• [INSTRUCTIONS FOR THE TASK]: Give back the data exactly, with no images.

• [GIVEN RECORDS]:
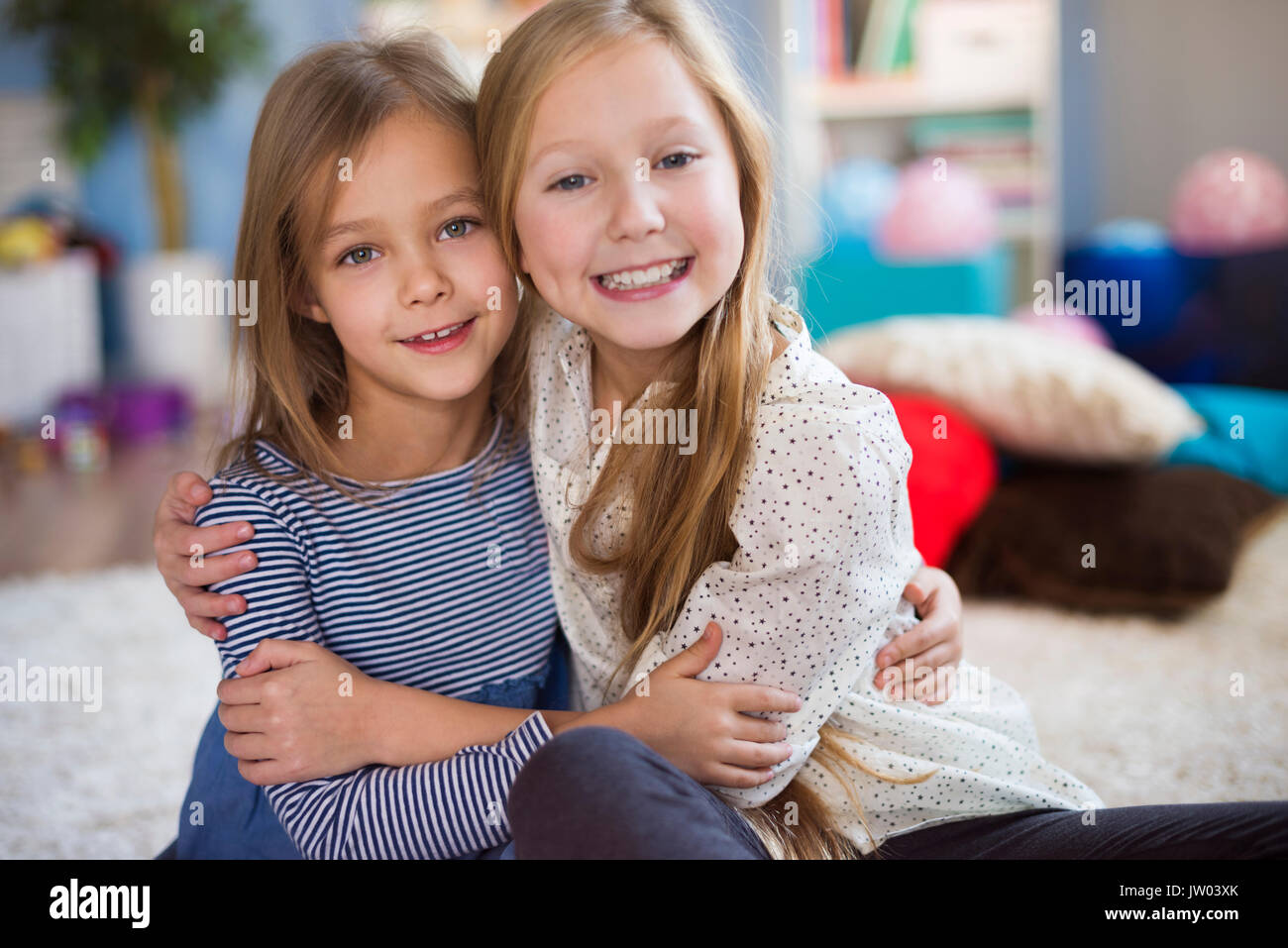 Portrait de charmante blonde soeurs Banque D'Images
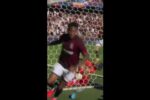 John Mercado se destaca com assistência em partida pelo Sparta Praha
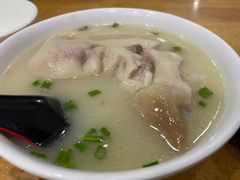 -雷祖芳老妈蹄花店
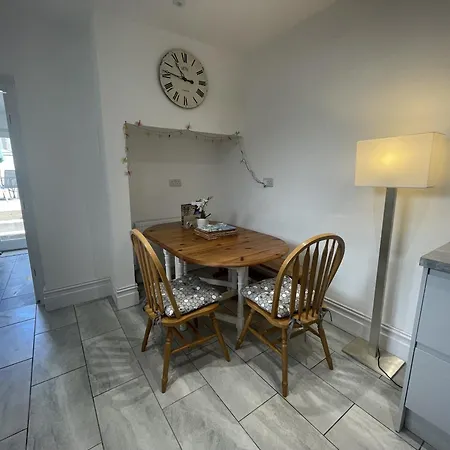 شقة Restful Harbourside With Garden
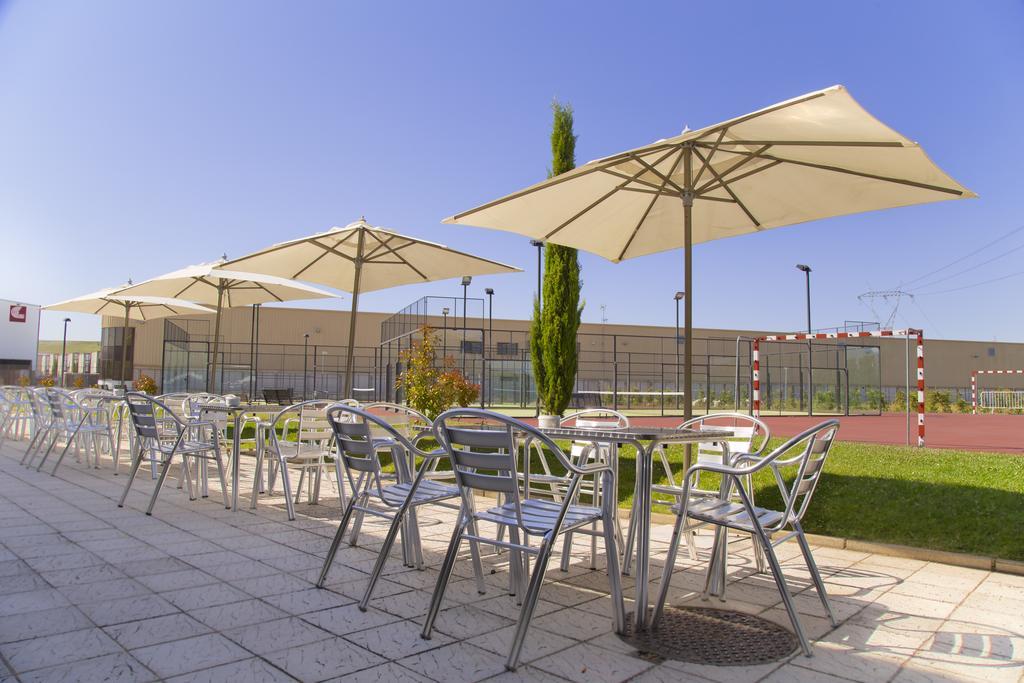 Hq La Galeria Hotel Burgos Bagian luar foto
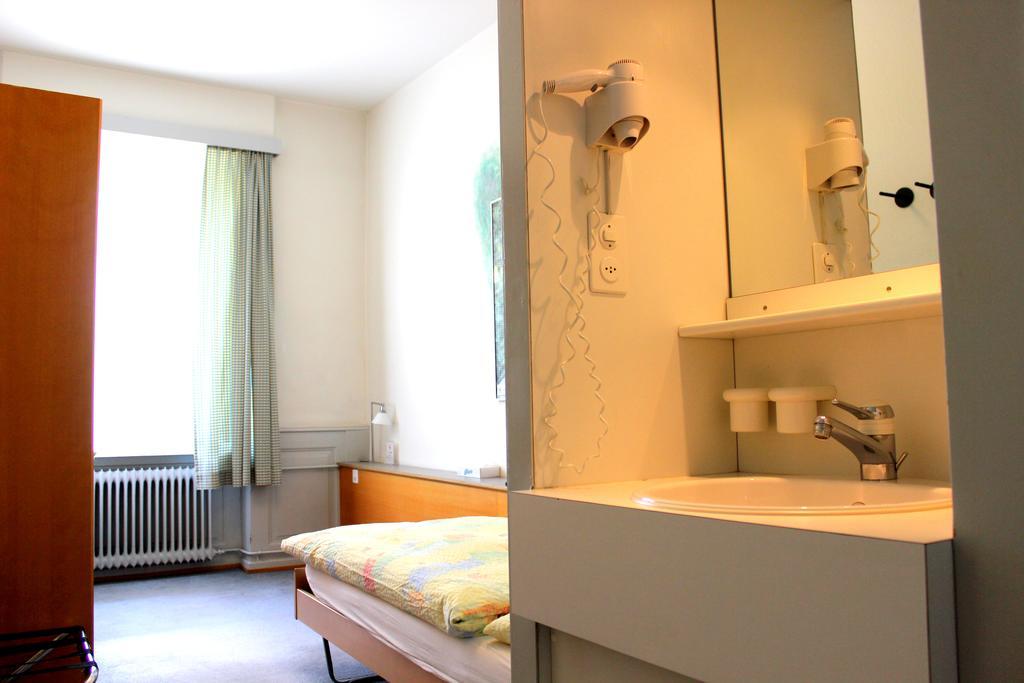 Hotel Muenchnerhof Basel Exteriör bild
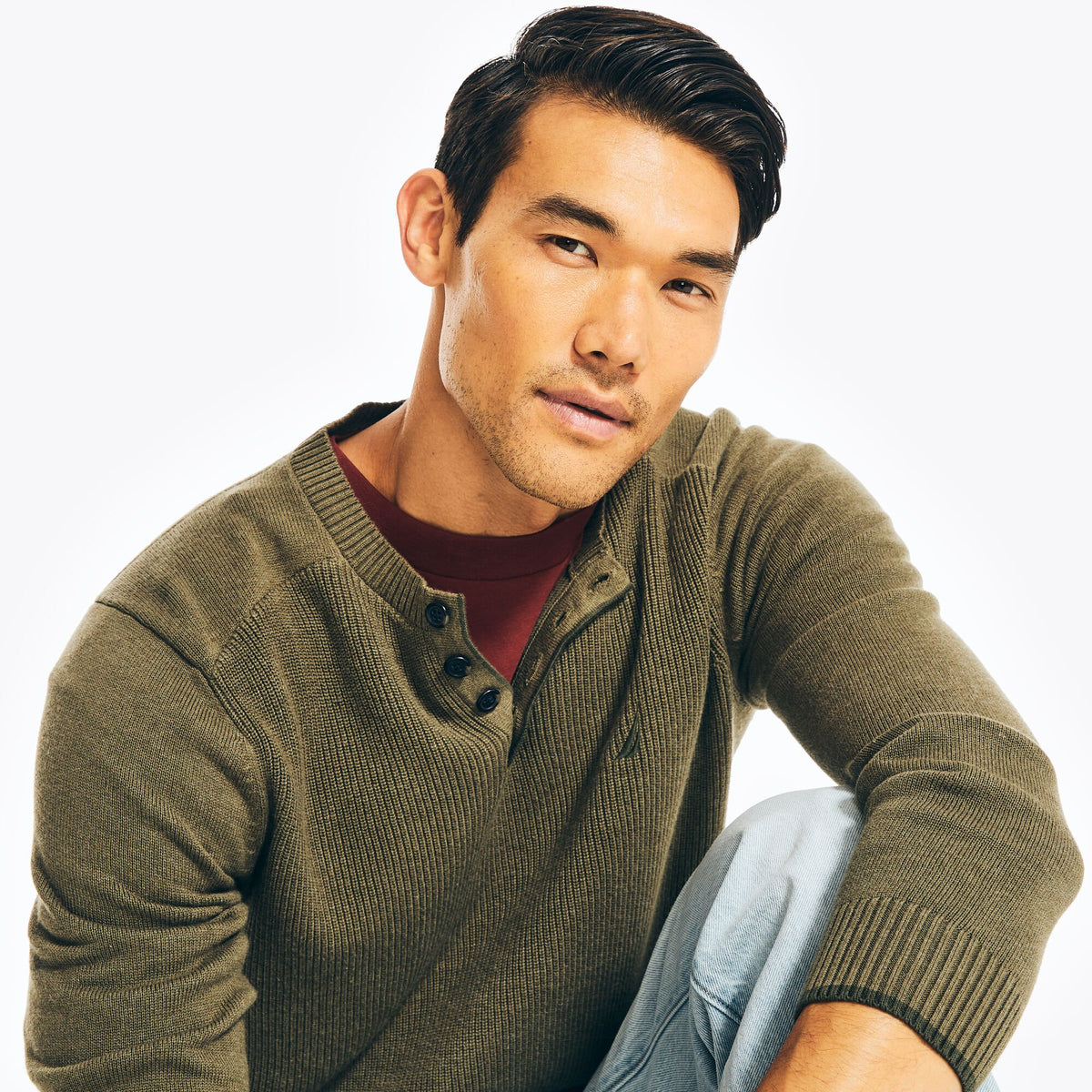 Nautica Men's Sustainably Crafted Long-Sleeve Henley Sweater Dark Hunter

• [ANSWER FOR THE TASK]:
 Portrait de charmante blonde soeurs Banque D'Images
 John Mercado se destaca com assistência em partida pelo Sparta Praha
 -雷祖芳老妈蹄花店
 شقة Restful Harbourside With Garden
 Hq La Galeria Hotel Burgos Bagian luar foto
 Hotel Muenchnerhof Basel Exteriör bild
 Nautica Men's Sustainably Crafted Long-Sleeve Henley Sweater Dark Hunter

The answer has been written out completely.